About the Water Finance Center

On this page:
  • Mission of the Center
  • The Center's Strategic Goals
  • Why the Center was Created
  • Additional Resources

Mission of the Center

The Water Finance Center is an information and assistance center, helping communities make informed decisions for drinking water, wastewater, and stormwater infrastructure to protect human health and the environment.


The Center's Strategic Goals

The Center seeks to accelerate and improve the quality of water infrastructure:

    Goal 1: Research - Identify financial solutions to help communities meet infrastructure needs.

    Goal 2: Advise - Provide financial advice, support, and technical assistance to stakeholders.

    Goal 3: Innovate - Provide expertise and add value to the national water conversation.

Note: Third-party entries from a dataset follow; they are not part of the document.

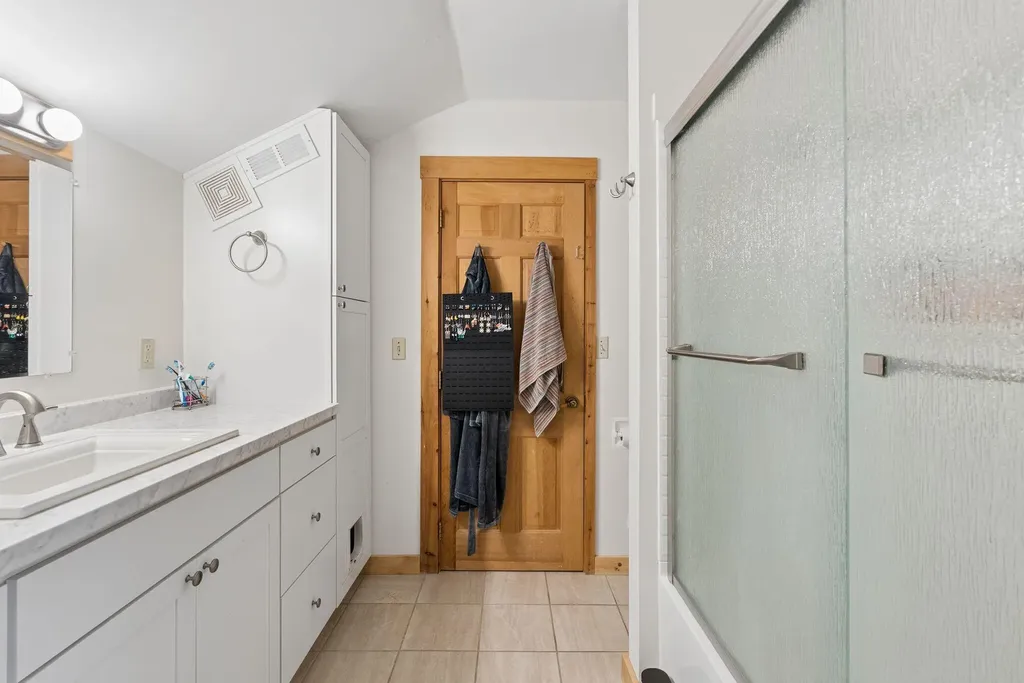 62 Axtell Drive Oakland ME 04963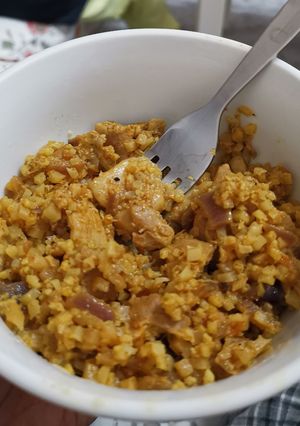 A picture of My take on chicken biriyani with cauliflower rice.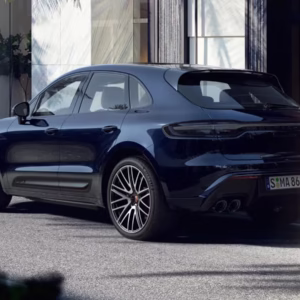 Porsche Macan GTS 2022 bleu nuit intérieur Alcantara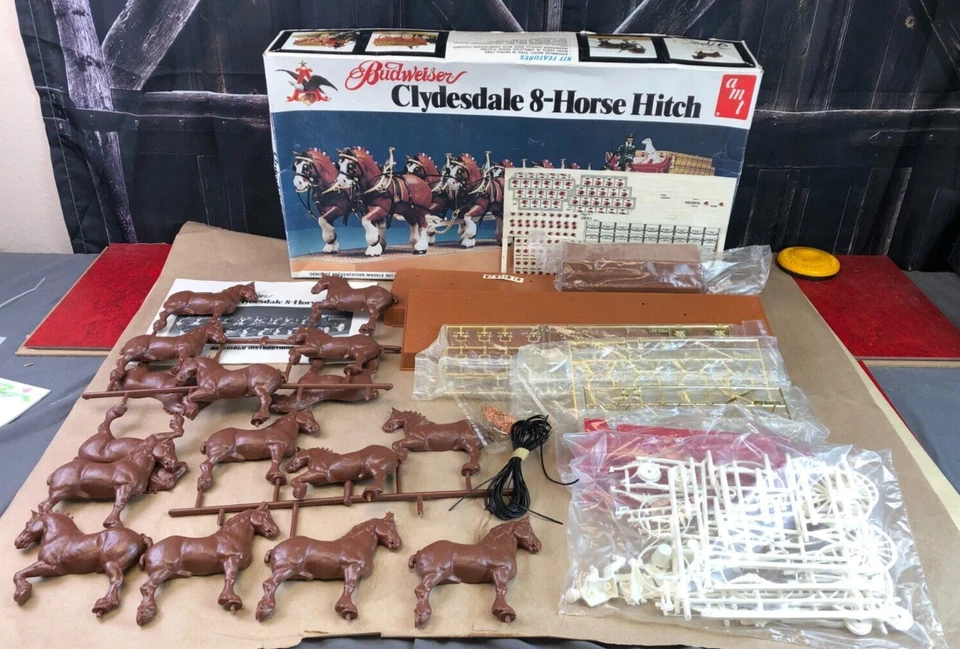 OPEN BOX AMT MATCHBOX 1:20 Model Kit BUDWEISER CLYDESDALE 8-HORSE HITCH No. 7702 - Image 1 of 4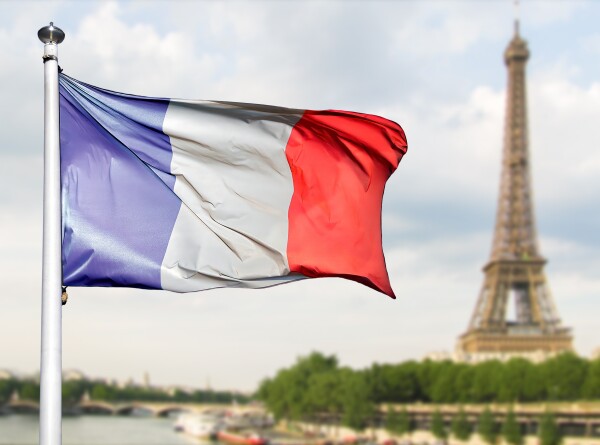Второй тур парламентских выборов станет решающим для Франции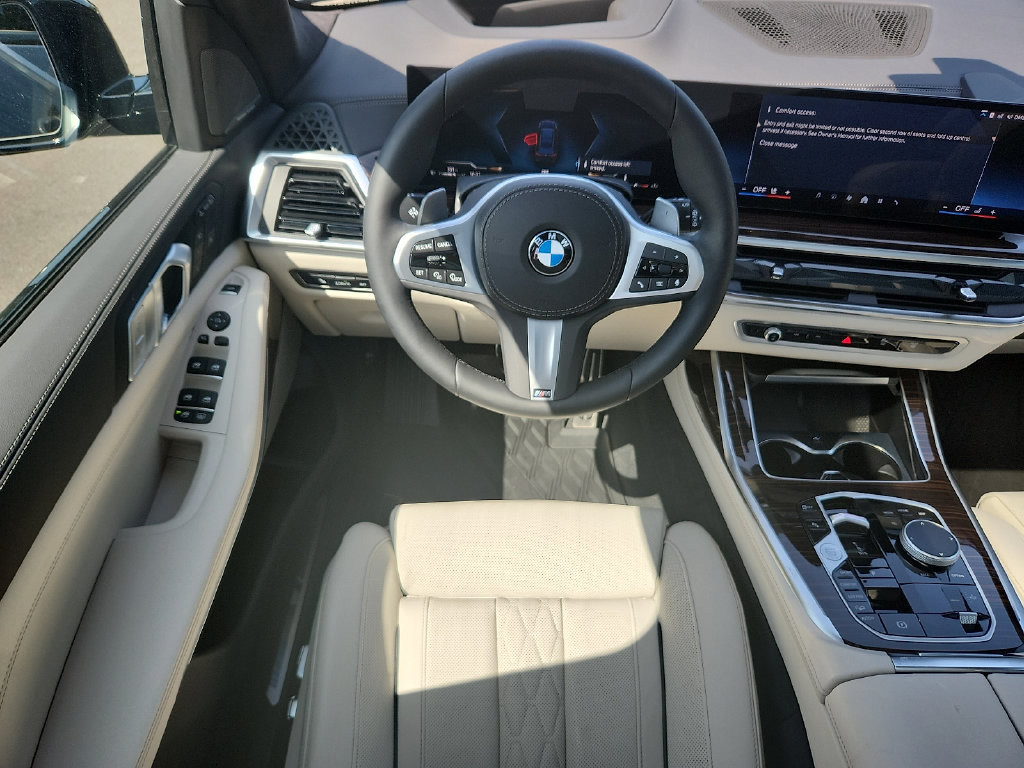 Certified 2026 BMW X7 xDrive40i w/ M Sport Package AWD/4WD image 12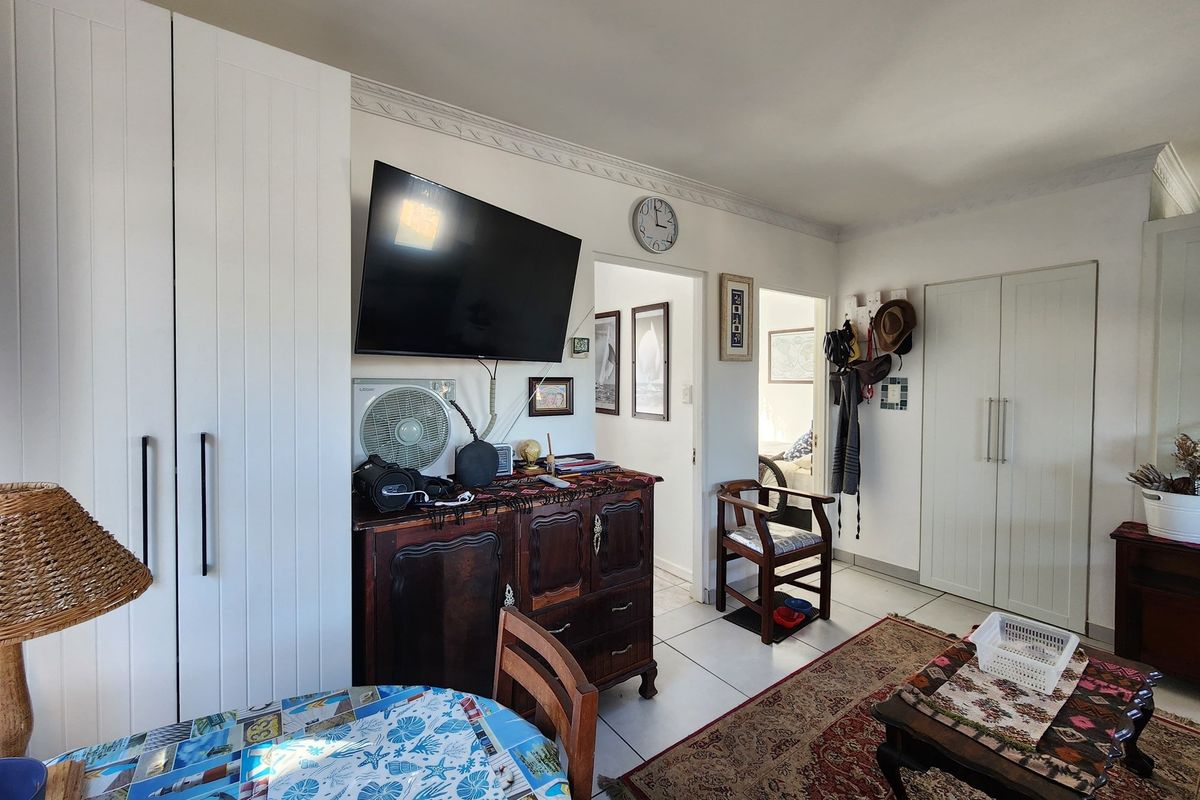 Marina Martinique Apartment with Sea Views Pool Access walking distance to beach - Photo 5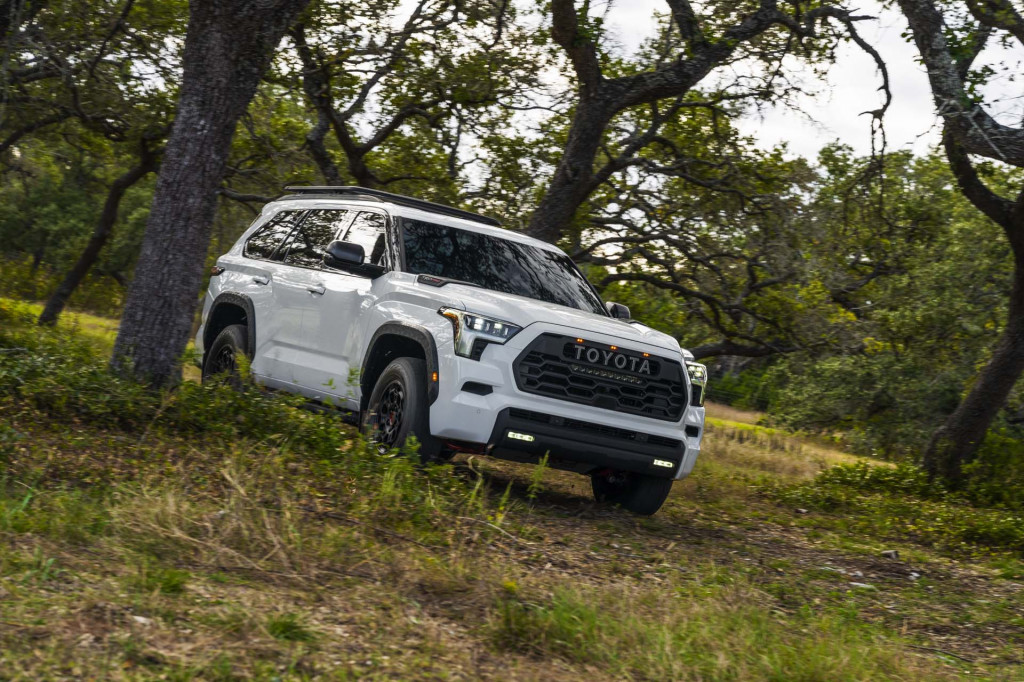 Toyota Sequoia Hibrit Kimler İçin Uygun? - fotoğraf 14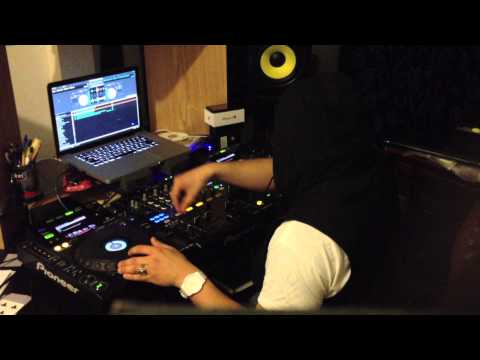 Reggeaton Romantico 2013 Mix ( J Balvin, J Alvarez,Farruko,Arcangel ) (Prod DJ UNIT)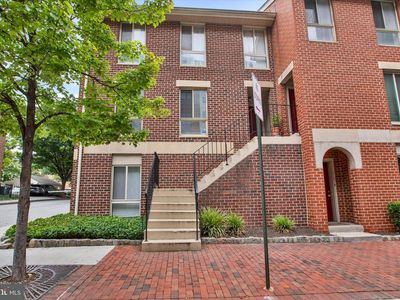 618 S Charles St #R32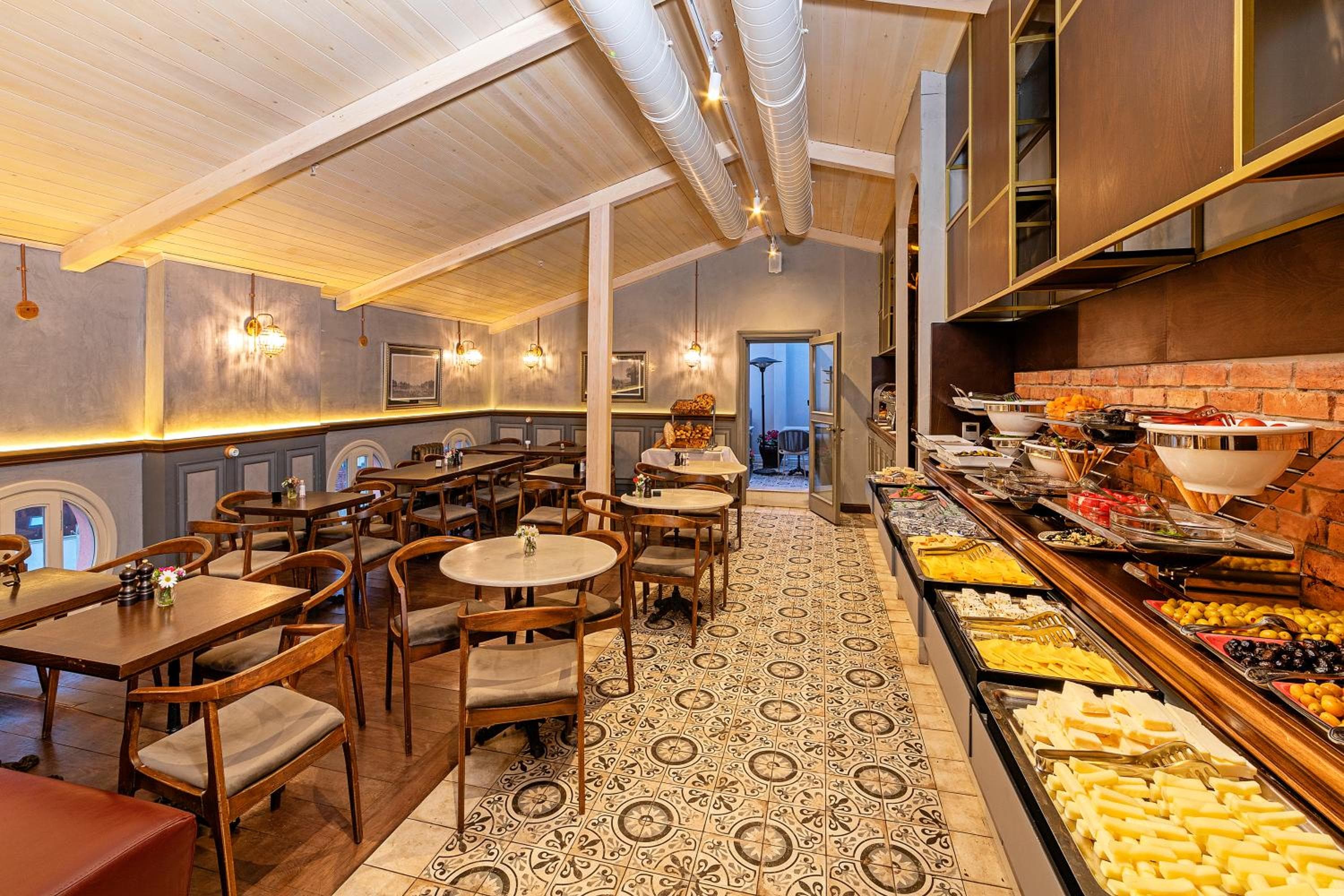 Hotel Meroddi Barnathan — 24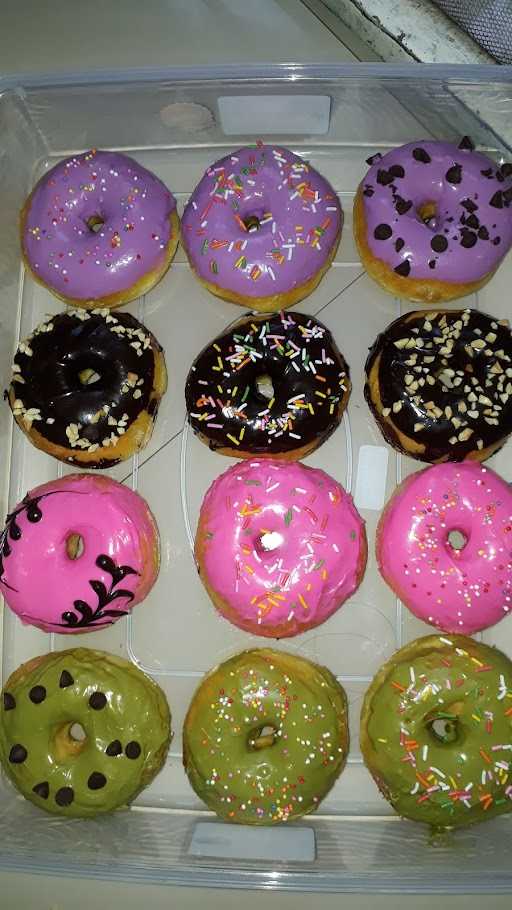 Yummy Donuts 8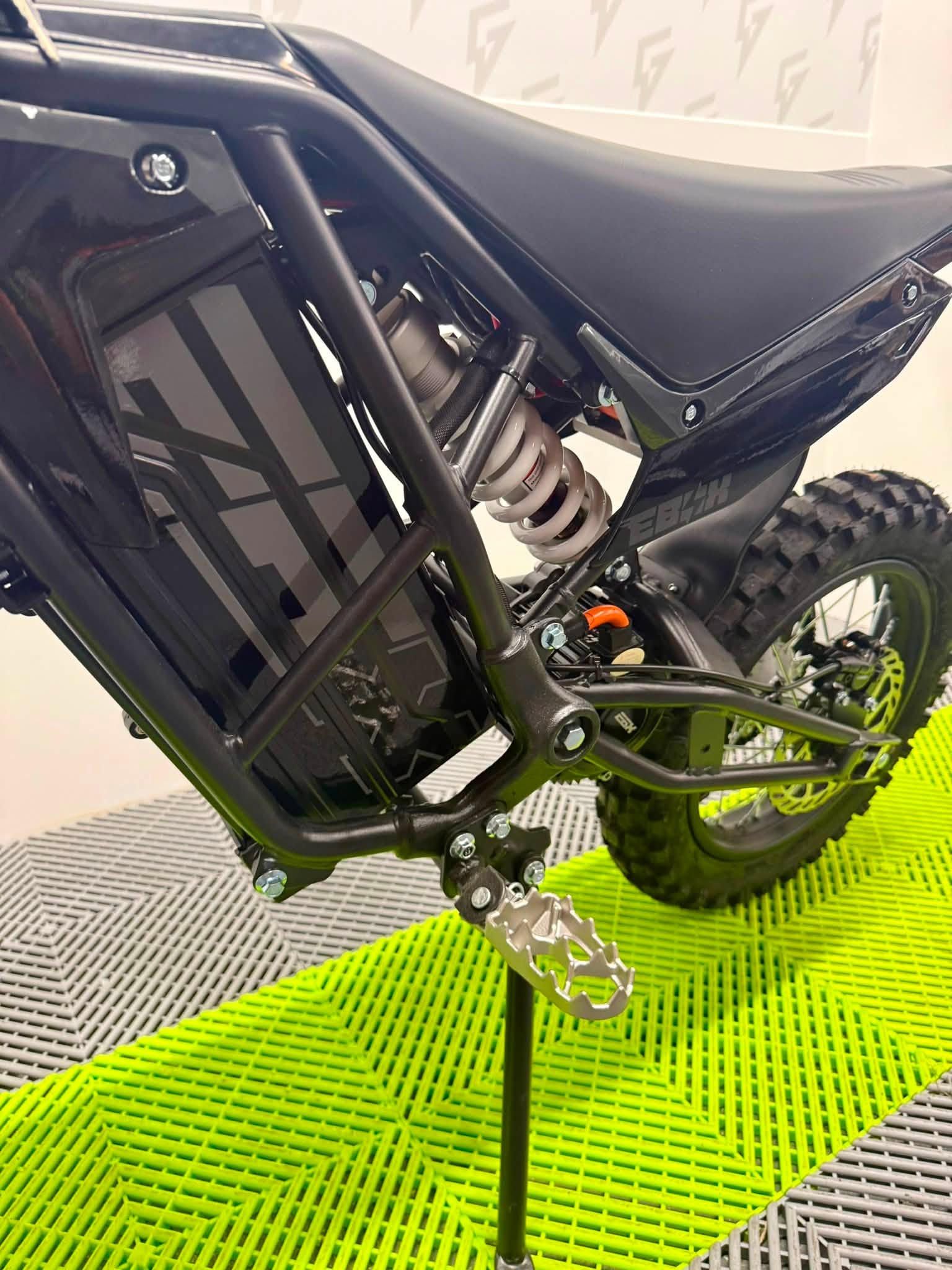 EBOX V3 60 3.3kW Electric Off-Road Bike – Black | Garland Powersports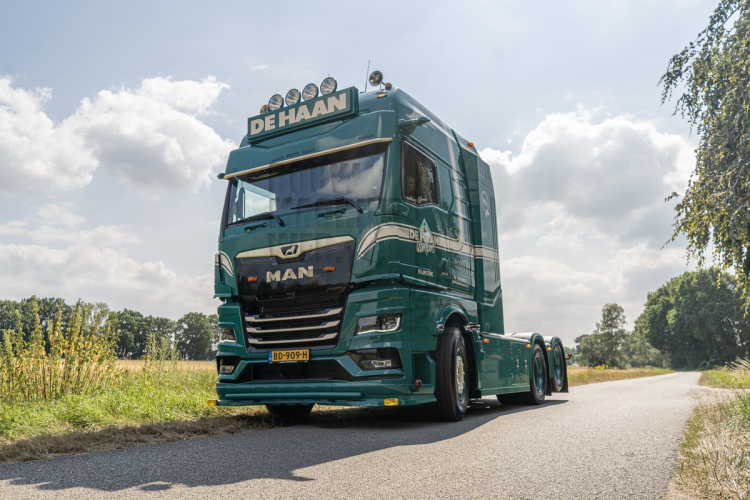 MAN hTGX 6x2-trekker voor De Haan Transport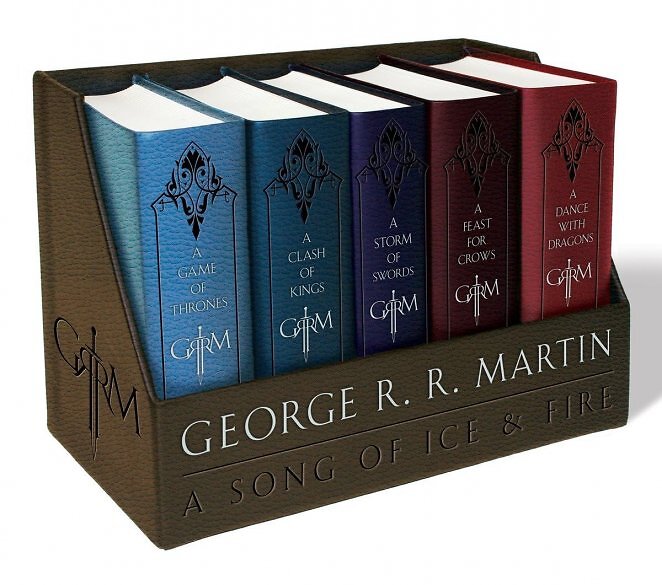 Lieber Lesen statt Spielen? Alle GoT-Bände im englischen Original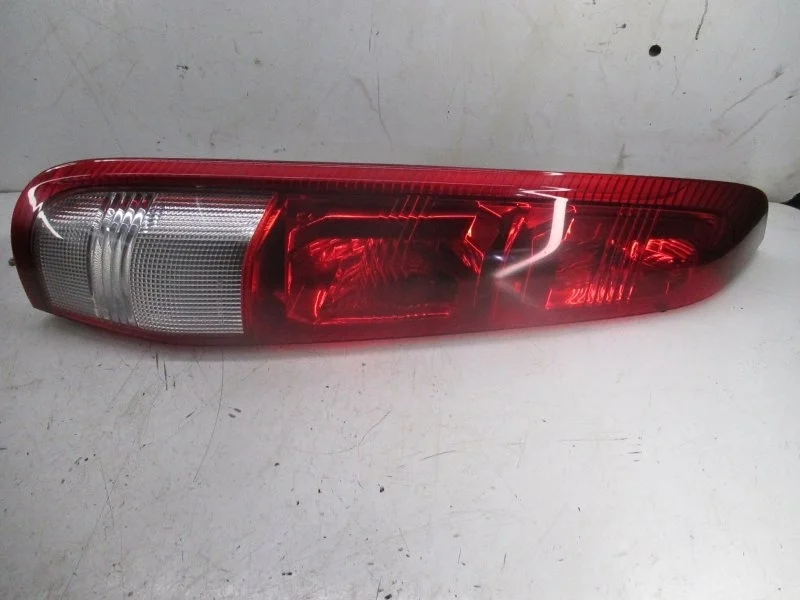 Фонарь Nissan X-Trail 2004 265558H326 2, левый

    Goal 4: Network - Build relationships with government partners and stakeholders.
 

Goal 1: Research
The Center works toward this goal by providing water infrastructure financing information and assistance to local governments:

  • Customer Assistance Program (CAPs) Compendium - Worked with national associations to highlight CAPs offered by drinking water and wastewater utilities. CAPs help address affordability concerns for individual households. View the Compendium.
  • Water Finance Clearinghouse - Developing a water infrastructure financing clearinghouse to facilitate easy access to water financing resources, such as reports, tools, case studies etc. to help communities make informed decisions.
  • Financing Options - Helping communities identify financing options for their infrastructure projects. 
  • Small System Financing Resources - Assembling financial capacity building resources for small drinking water and wastewater systems.
     

Goal 2: Advise
The Center works toward this goal by providing financial guidance to communities and implementing recommendations from federal advisory groups:

  • Environmental Finance Centers (EFCs) - Working with the regional-based Environmental Finance Centers to offer education, technical assistance, training, and develop tools to meet state, local, tribal, and private sector environmental needs. Learn about the EFCs.
  • Community Assistance for Excellence (WaterCARE) - Providing communities with predevelopment financial planning assistance to meet their water infrastructure investment needs. Participating communities have a population size of less than 100,000, an immediate public health, a low median household income, and/or other measure of need. Find WaterCARE communities.
  • Environmental Financial Advisory Board (EFAB) - Operating under the authority of the Federal Advisory Committee Act, EFAB provides EPA with advice and recommendations on a broad range of financing issues affecting federal policies and programs. View EFAB reports.
     

Goal 3: Innovate
The Center works toward this goal by exploring leading-edge approaches to procurement and funding solutions, and developing roadmaps that identify and support best practices:

  • Public & Private Partnerships - Exploring financing strategies of public-private and public-public partnerships in the water sector to create project profiles and models. We also offer training for local officials. Learn about Partnerships.
  • Communities in Need - Sharing best practices in funding and financing approaches for economically challenged communities to address affordability concerns. 
  • Emerging Finance Models - Explore new and emerging finance approaches that address water quality and quantity challenges such as: Pay for Success, Pay for Performance, green bonds, energy and water performance contracting, water quality trading, and additional conservation financing strategies.
     

Goal 4: Network
The Center works toward this goal by participating in activities and projects that present opportunities to address systemic issues with scalable solutions, and incorporating external feedback to ensure actions provide value to stakeholders:

  • National Drought Resistent Partnership – Collaborating with federal agencies, states, and water industry leaders on best practices in the financing of drought resistent water infrastructure including use of the Clean Water State Revolving Fund (CWSRF) and Drinking Water State Revolving Fund (DWSRF).
  • Regional Water Finance Forums – Convening forums across the country where communities discuss challenges and share their successful water and wastewater infrastructure financing strategies. Register for a Finance Forum.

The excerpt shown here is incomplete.